Special Ratings Areas are transforming SA’s neglected urban nodes, unleashing economic potential and upping property values one precinct at a time

Urban degeneration is not a uniquely South African problem. But the success of a growing number of carefully managed Special Ratings Areas (SRAs) worldwide, and the related learning and expertise in this field, is resulting in the marked upgrade and growth of many economic nodes.

They are tagged locally as Special Ratings Areas (SRAs), City or Business Improvement Districts (CIDs or BIDs) or Urban Improvement Precincts (UIPs). Considered management of these public open spaces is making huge headway in unlocking economic development and delivering liveable urban spaces, as well as optimising public and private sector investment and property values – and enhancing the quality of life of their users.

And as SAPOA KwaZulu-Natal regional chairman Ed van Niekerk, also executive director at Maxprop, comments, “When property values increase, every single property professional benefits.” So do the users of those properties.

CAPE TOWN AND GAUTENG

With 34 CIDS, Cape Town leads the local field in precinct management. The city’s oldest CID – the Cape Town Central City Improvement District (CCID), established in 2000 – manages the CBD. The CCID is an area that will boast a cumulative property investment of R32bn by 2021 – R24bn (as recorded in the City of Cape Town’s latest 2013/14 official property valuation report) – and conservatively, another R8bn in current constructions and new developments on the cards.

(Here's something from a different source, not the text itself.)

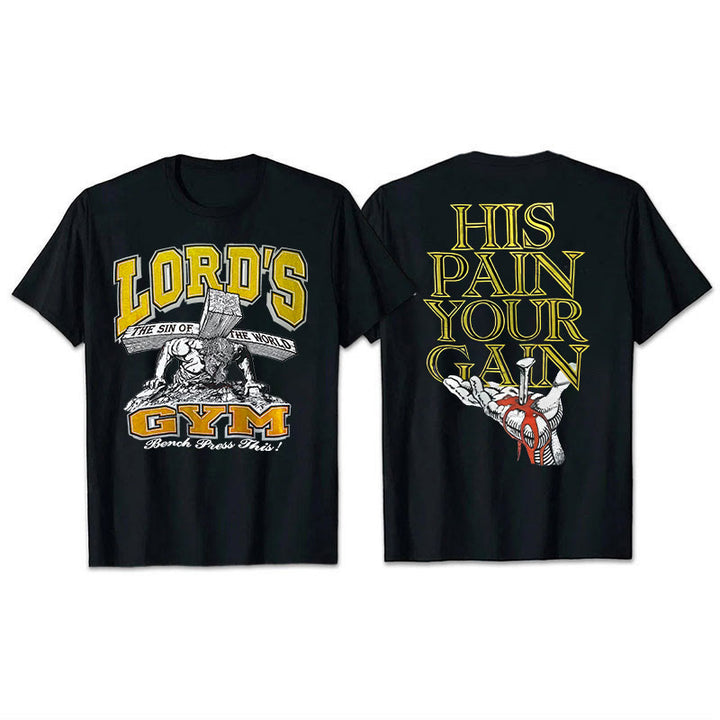 T-shirt Christianartworkshop Sa douleur, ton Gai - Noir - 2XL - image 6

In Gauteng, it’s notable that, besides marked capital investment, job creation and support of local economy, crime rates within CIDs are comparatively much lower than the wider sector in which they are situated.

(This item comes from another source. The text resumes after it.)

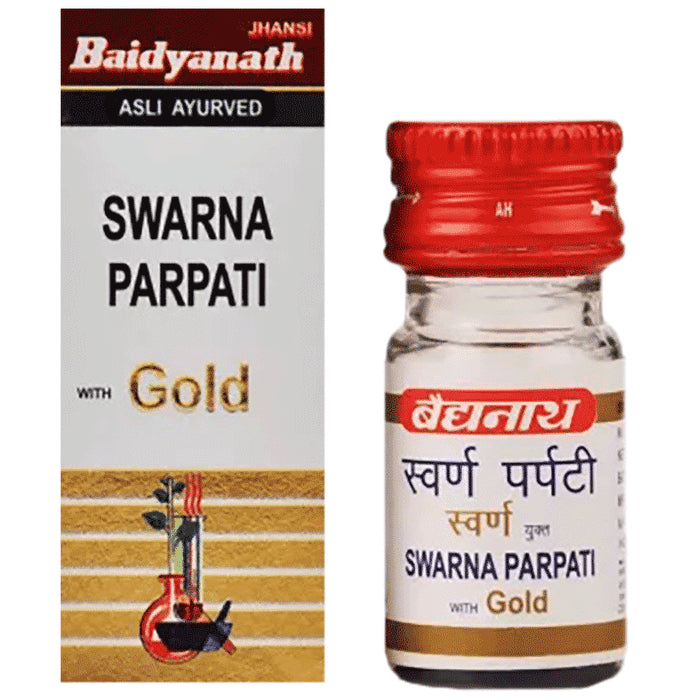 Baidyanath (Jhansi) Swarna Parpati with Gold (1gm Each)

And while there’s no doubt that, in most South African towns and cities, CBDs have declined due to loss of buying power to suburban developments, according to National Treasury the CIDs and SRAs that have emerged in commercial nodes represent a new public and private sector commitment to turning these negative trends around. They give property professionals a reason to invest and promote these once-attractive nodes.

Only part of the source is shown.